EBIvariation / vcf-validator

Validation suite for Variant Call Format (VCF) files, implemented using C++11
Apache License 2.0
130 stars 39 forks source link

Strange duplicated variant problem without ref allele ? #227

Closed sajeevbatra closed 6 months ago

sajeevbatra commented 1 year ago

Hello, Thanks for your VCF validator tool. After using it, I see the following vcf validator error that is flagged: Error: Duplicated variant 7:5302279:>A found. This occurs 2 time(s), first time in line 317797. What does this mean? What happened to the ref_allele? Is this truly an error?

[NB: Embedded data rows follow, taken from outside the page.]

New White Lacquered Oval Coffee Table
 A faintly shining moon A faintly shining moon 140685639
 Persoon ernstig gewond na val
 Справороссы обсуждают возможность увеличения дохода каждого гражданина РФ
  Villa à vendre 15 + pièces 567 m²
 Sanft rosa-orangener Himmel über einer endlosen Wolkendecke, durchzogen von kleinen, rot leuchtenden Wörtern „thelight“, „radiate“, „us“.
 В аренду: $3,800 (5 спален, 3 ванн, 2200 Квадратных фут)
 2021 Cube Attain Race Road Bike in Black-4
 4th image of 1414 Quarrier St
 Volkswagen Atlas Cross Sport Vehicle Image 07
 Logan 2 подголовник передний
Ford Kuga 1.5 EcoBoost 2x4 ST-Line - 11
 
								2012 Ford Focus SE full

Original VCF: 7 5302278 ABC T TA (line 317797) 7 5302279 ABX C A,AC

How do I fix this error? Thanks.

tcezard commented 1 year ago

Hi @sajeevbatra This is a genuine error in your VCF: 7 5302278 ABC T TA describes the following variant:

    5302278
          |
REF:      T-C
ALT:      TAC

The following line describes 3 alleles: 7 5302279 ABX C A,AC

     5302278
           |
REF:       TC
ALT1:      TA
ALT2:      TAC

As you can see the first line ALT describe the same allele as the second line ALT2 which is what is being reported by the validator.